Recommended by Dunsborough Book Chat Club
Josephine Quinn is a professor of ancient history at Oxford University and has taught in America, Italy, and the UK. The depth and breadth of her knowledge is astounding and at times confounding.
How the World Made the West covers 4000 years of Asian, European, and African history, and later, the newly discovered Americas. In 1570, Sir Thomas North translated Kalili wa-dimma into English and a later editor in 1888 said it was the ‘English version of an Italian adaptation of a Spanish translation of a Latin version of a Hebrew translation of an Arabic adaptation of the Pehlevi version of the Indian original.’ This is how one feels reading this book. Overwhelmed! Following the fortunes of the Angles, Saxons and Jutes together with the Hun, the Goths, the Visigoths, the Vikings, the Ottomans, Napoleon Bonaparte, Hannibal, China, Iceland, the Holy Roman Empire, Rome, Constantinople, the Popes, the Franks.
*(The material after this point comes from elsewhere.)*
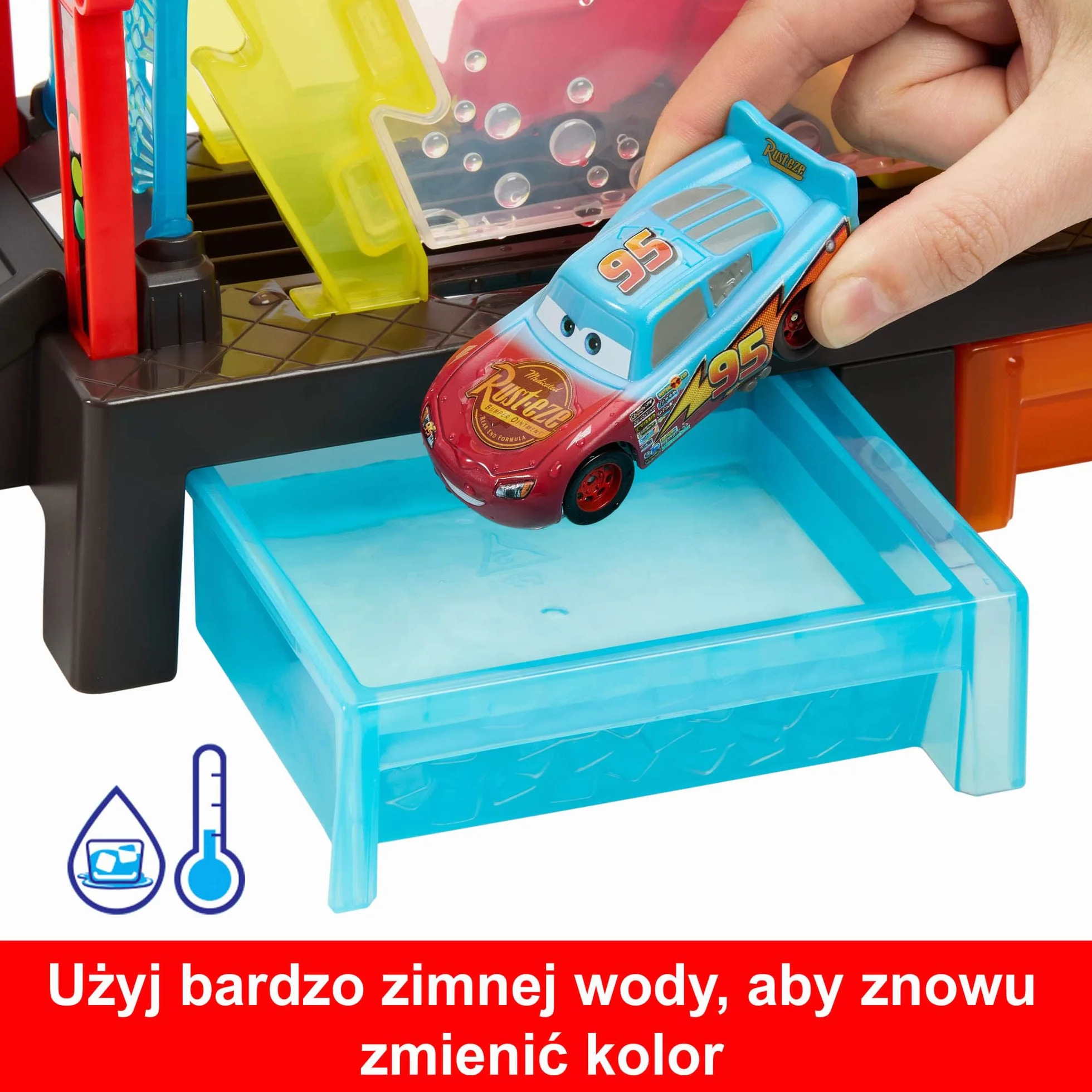 Disney Pixar Auta Myjnia samochodowa Zmiana koloru Zestaw do zabawy(ok. 50 cm długości)nz samochodem zabawką Zygzak McQueen, funkcją zmiany koloru autka i możliwością łączenia z innymi zestawami,JBM70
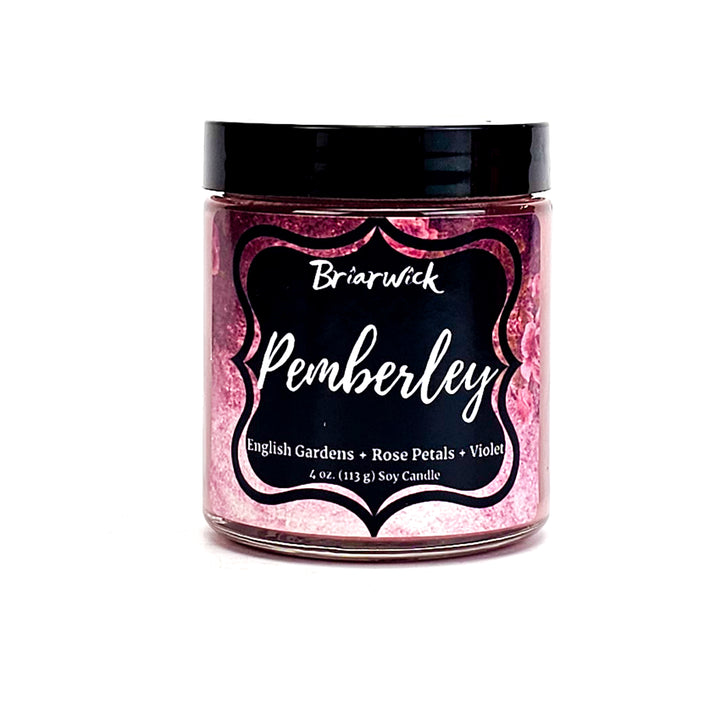 Pemberley 4oz pastel pink candle with pink floral design on a white background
The Lombards, the Britons, Charlemagne ad infinitum is extremely complex and retaining names and dates, and the connections between the plethora of peoples is a challenge not to be undertaken lightly. This is a book for scholars of history.
The writing is not turgid, but it does need a great deal of concentration not to become lost in the maze of 4000 years of facts. Lesser mortals may find it hard going.